Теория общественных отношений собственности не только объясняет геополитическое поведение, но и предлагает теоретическое описание формирования и трансформации геополитических порядков – сдвигов в структуре системы, если говорить в терминах современной теории МО. Однако она также показывает, что эти системные трансформации всегда связаны с глубокими социальными конфликтами, которые реорганизуют и отношения господства или эксплуатации, и
отношения между внутренним и внешним, национальным и международным. Отношение между структурой и субъектом действия не является круговым отношением рекурсивного определения, в котором структура определяет действие, а действие, наоборот, подтверждает и укрепляет структуру. Нельзя также понять это отношение и как простую полярную оппозицию рационализма, стремящегося к причинно-следственным объяснениям, и рефлективизма, ищущего герменевтического понимания.

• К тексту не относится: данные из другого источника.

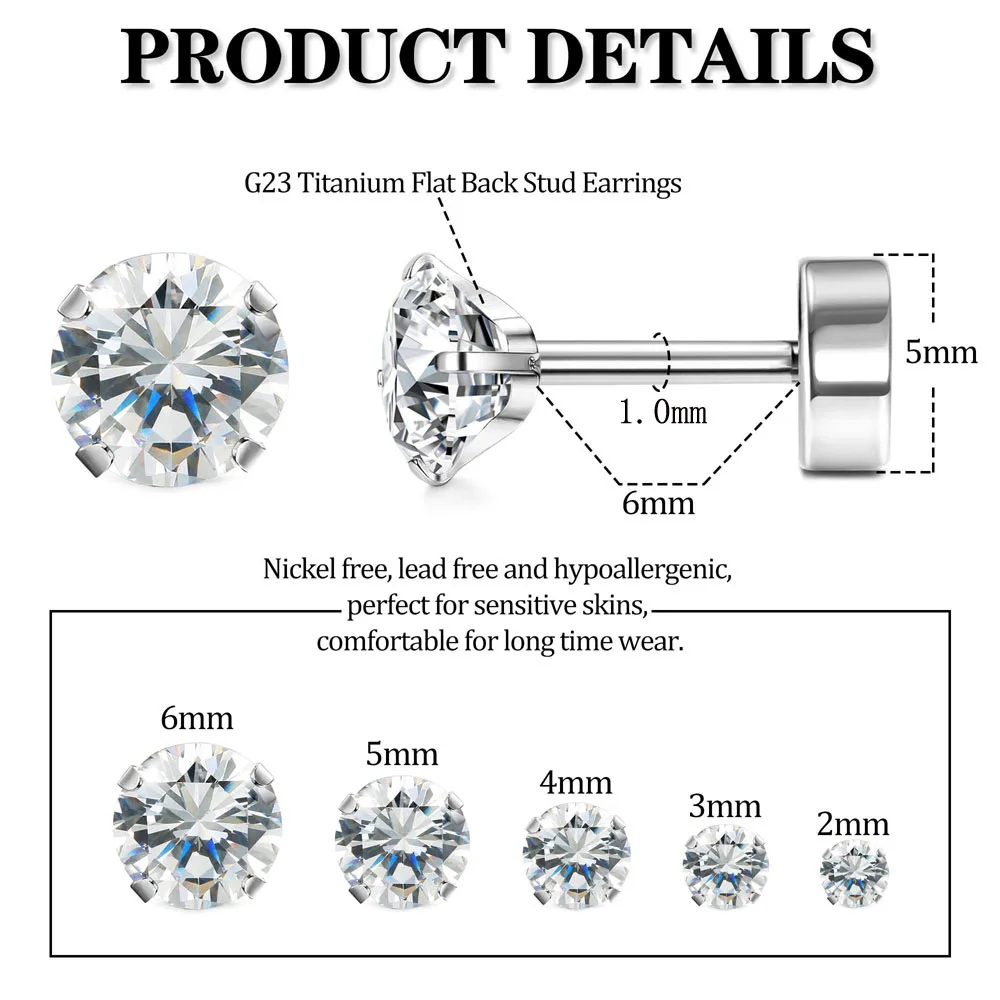 1 Pair Hypoallergenic Titanium Stainless Steel Clear Cubic Zirconia Flat Screw Back Cartilage Stud Earrings Set for Men Women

Это противоречивый и динамический процесс, который также интерпретирует сам себя, приводя к качественным трансформациям. Абсолютно ясно, что эти трансформации не следуют какой-то схеме очередности, а являются в высшей степени неравномерным – в социальном, географическом и хронологическом отношениях – процессом. Они не стремятся достичь некоего трансцендентного телоса, но в ретроспективе они постижимы. История не только динамична, но и кумулятивна. Следы прошлого должны быть приспособлены к реорганизованному настоящему. Старое и новое сливаются непредсказуемым образом. Структура и субъект действия, необходимость и свобода сочетаются по-разному – и на внутреннем, и на международном уровне. Это мир, творимый нами, однако это творение не является ни суммой намеренных и осознанных действий, ни результатом десубъективированных механизмов, имеющих чисто структурную природу. Это процесс не структурации, а диалектического развития.Теория международных отношений – это социальная
наука. Как социальная наука, она не стоит в стороне от повседневного воспроизводства структур господства и эксплуатации. Однако доминирующая в теории МО парадигма, то есть неореализм – вместе со своим рационалистским двойником в виде неолиберализма, – в своих попытках объяснить международную политику остается привязанной к позитивистской концепции науки. Подведение международных действий под один общий закон, претендующий на объективность, – прием, способствующий как теоретическому обнищанию, так и интеллектуальному упадку. В политическом отношении он весьма опасен и слишком часто вступает в сговор с агрессивными политиками гегемонистского государства. В некоторых из своих вариантов он оказывается просто скандальным. Неореализм – это наука господства. Это технология государственной власти, захваченная инструментальной рациональностью. Его гротескные и грубоватые напевы звучат для студентов как голоса сирен. Что касается его объяснительной силы, неореализм больше затуманивает существо дела, чем проясняет его, а богатейшую историю человеческого развития он сжимает в повествование о сухом перерасчете власти. Возвышение анархии и баланса сил до уровня трансисторических принципов, механистически определяющих геополитическое поведение, опирается на цепочку непроверенных предположений, порождая тезисы, которые можно легко опровергнуть. Проекция модели рационального выбора на политических акторов в «системе выживания» сводит политическую волю к реакциям на «железные законы» и скрывает массивные исторические преобразования в процессе формирования социального и политического мира. В эпистемологическом отношении сохранение неолиберализма определяется его стремлением оторвать политическое от социального и структурное от процессуального, дабы укрепить автономную и общую науку МО. Его техника проверки сводится к постоянному самоподтверждению, то есть поиску в истории удобных и подтверждающих теорию случаев, тогда как противоречащие данные объявляются поведением, не соразмерным теории, и, соответственно, иррациональными аномалиями.